It is a race against onset of the appalling weather but success is still possible if the relief operation is scaled up, Ms Stocker said.
The challenge is that despite scaling up the efforts, the UN relief operation is yet not big enough. It is under-resourced and under-funded.
The UN is most effective in protecting survivors when large numbers of experienced professionals are on the ground to provide leadership, advice and delivery and clearly there is still much more to be done.
Donor governments must respond to the looming second disaster by increasing their funding to the UN relief appeal and release what has already been pledged, she said.
The World Food Programme (WFP), for example, is still short of $115 million of the $182 million it needs. Donor governments need to show the same generosity. Unless the international community provides the help needed, it will be people in the mountains who will be paying the price.

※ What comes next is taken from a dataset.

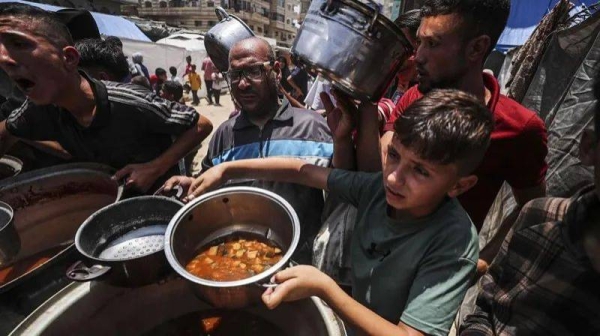Palestinians wait in line to receive hot meals distributed by charity organizations while Israel's destructive attacks continue on 7 June, 2025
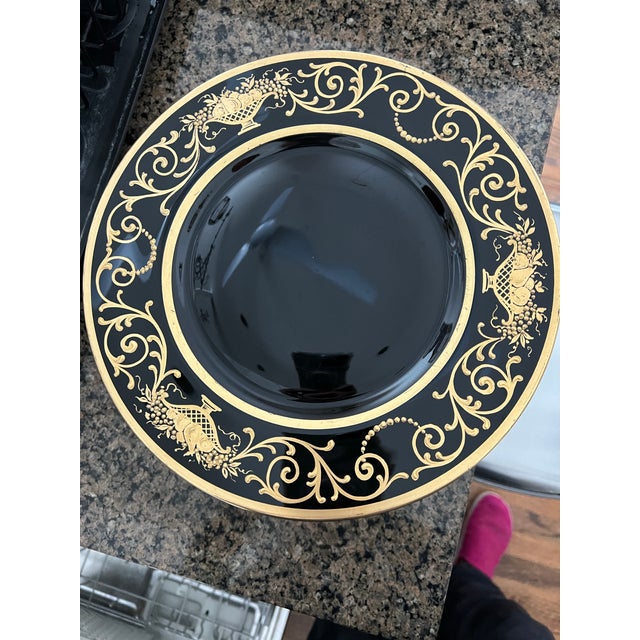 Ten elegant antique Bohemian black glass chargers richly decorated with hand-applied raised gilt enamel in a classical...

Heavy snows are likely to lead to increased movement of people. Many more people will have to make the bleak choice of staying where they are for strong cultural reasons and in order to look after their land and livestock. Time is running out to reach them with the shelter material they need to keep themselves alive. Action is also needed to protect people who have left their mountain villages to stay in the camps.
Oxfam welcomes the process initiated by Pakistan to transfer the management of much of the relief operation from the military to civilian authorities, but cautions that this needs to be done in a phased manner that supports the civilian authorities to ensure effective camp management, Ms Stocker said.
Properly resourced, well-managed camps, combined with provision to those who are staying in the mountains would see people through the winter.
“There is real danger that this unprecedented natural disaster will be followed by a man-made one,” she said.
“The international community has the capacity to do what is required. It is not yet too late but further delay will be fatal.”
Roads: United Nations Joint Logistics Centre (UNJLC) on Friday warned that road conditions in the quake- affected areas would further deteriorate as winter progresses, affecting relief activities.
A UNJLC bulletin stated that the routes were subject to solifluction, freezing and thawing of the moisture in the soil which would cause movement on any significantly unstable slope.
Along the Neelum Valley Road, there are two significant landslides, the Batmang (between Chalpani to Dunga) and Nauseri (Nauseri Bridge to Tithwal). The road is considered open, but it is subject to continuous rockslide activity that requires regular emergency clearance, it said.
For about 5km along the Batmang landslide, the old road is covered by four to six metres of infill. This fill is unstable and currently can only accommodate one-way traffic.
Daily clearance is causing further undercutting leading to more tension on the slope.
Nauseri landslide stretches between Nauseri and the Line of Control. As for Batmang, the undercut road segment has caused insecure debris upslope that continues to jeopardize any movement along the road.
In the Kaghan Valley road trouble spots include Kawai, Paras, and Jared. Slides are above and below the road with heavy daily rock fall activity. Traffic is limited to one way in many places.
All makeshift or temporary passages along rock debris should be considered as unsafe, the UNJLC bulletin cautioned.
Emergency clearance activity, it said, was only a temporary solution and reconstruction would be required as soon as possible in the spring.
Meanwhile, UNHAS air assets that have remained constant for several weeks now, may expand by three MI-8s over the coming weeks.
Besides, sling nets and de-icing equipment is being procured for improving the efficiency of the helicopter operation. UNHAS currently has 20 nets in use. Twenty more will be deployed soon, plus a further 50 have been procured from the UK.
Options for procuring more are being explored. However, this number is still short of the operational requirement of 400. In order for helicopters to continue to operate through winter, UNHAS has urged the agencies concerned to properly maintain the landing sites.